Nell’inchiesta, oltre a Nordio, nei confronti del quale si sono alzate richieste (oltre che di dimissioni) di informative urgenti da parte delle opposizioni – per ora rispedite al mittente, perché secondo il ministro Luca Ciriani “ci vuole tempo” – sono coinvolti a vario titolo anche la premier Giorgia Meloni, il sottosegretario alla Presidenza del Consiglio, Alfredo Mantovano e il ministro dell’Interno Matteo Piantedosi. I reati ipotizzati sono favoreggiamento e peculato. Per Nordio anche l’omissione d’atti d’ufficio.

Anche se il rischio di un processo per tutti e quattro è praticamente nullo: sarà necessaria, nel caso in cui il Tribunale dei ministri ritenesse di andare avanti, l’eventuale autorizzazione a procedere da parte del Parlamento a maggioranza di centrodestra che difficilmente sarà concessa.

Le reazioni dell’opposizione

Intanto, l’opposizione ha alzato il tiro. “È chiarissimo che Nordio e Meloni hanno mentito”, ha dichiarato la senatrice Raffaella Paita (Italia Viva), chiedendo l’immediato passo indietro del Guardasigilli o, in alternativa, del suo capo di gabinetto.

Per il Partito Democratico, il comportamento del ministro è definito “gravissimo”, poiché mina l’affidabilità delle istituzioni di fronte alla comunità internazionale. “Chi ha mentito al Parlamento, non può restare un giorno di più al proprio posto”, è la linea espressa da più esponenti dem nella mattinata di oggi.

Intanto la Libia non pare intenzionata a lasciar correre: la procura generale di Tripoli ha aperto un procedimento contro lo stesso Almasri per le accuse mosse dalla Corte penale internazionale, e non è escluso che il caso si riapra proprio lì dove avrebbe dovuto essere consegnato.

Una crepa tra Palazzo Chigi e via Arenula

In questo scenario, anche i retroscena raccontano di tensioni crescenti all’interno dell’esecutivo.

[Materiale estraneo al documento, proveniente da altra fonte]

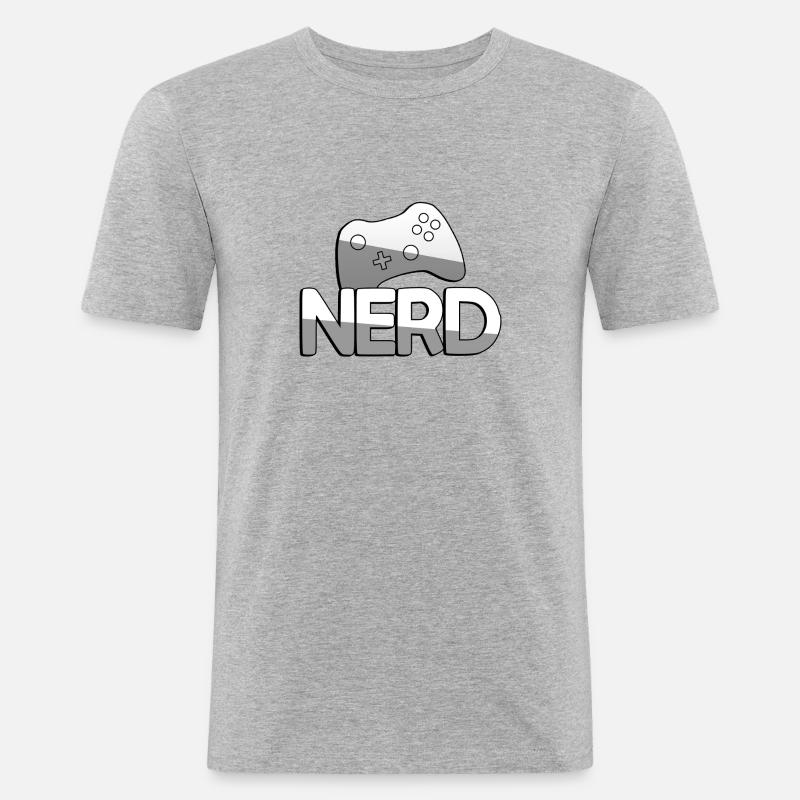 NERD + Controller - Gaming - Männer Slim Fit T-Shirt - Grau meliert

Secondo quanto riportato da Il Fatto Quotidiano, Giorgia Meloni sarebbe furiosa” per ”le talpe al ministero della Giustizia” e il timore che il pasticcio diplomatico sul torturatore Almasri si possa trasformare in una débacle politica quando saranno depositate le carte al Tribunale dei ministri la prossima settimana”.

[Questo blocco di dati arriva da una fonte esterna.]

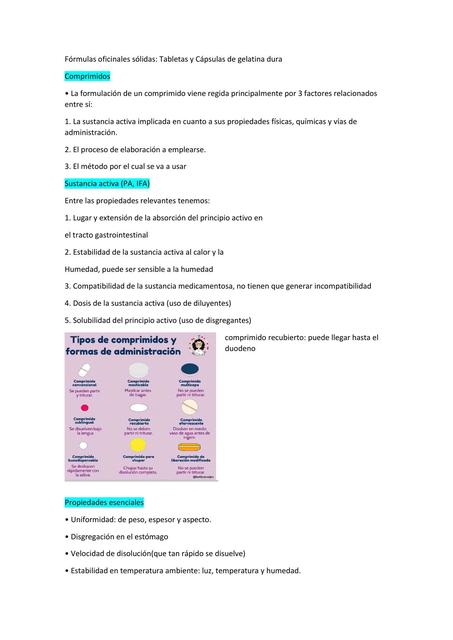 Fórmulas oficinales sólidas Tabletas y Cápsulas de gelatina dura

L’ipotesi che Nordio finisca tra i destinatari di una richiesta di rinvio a giudizio è, per ora, solo una possibilità. Ma le accuse formali di omissione d’atti d’ufficio sono in campo, e su questo la difesa a mezzo stampa del ministro (“gli atti che abbiamo smentiscono i giornali”) assomiglia più ad un tentativo di prendere tempo.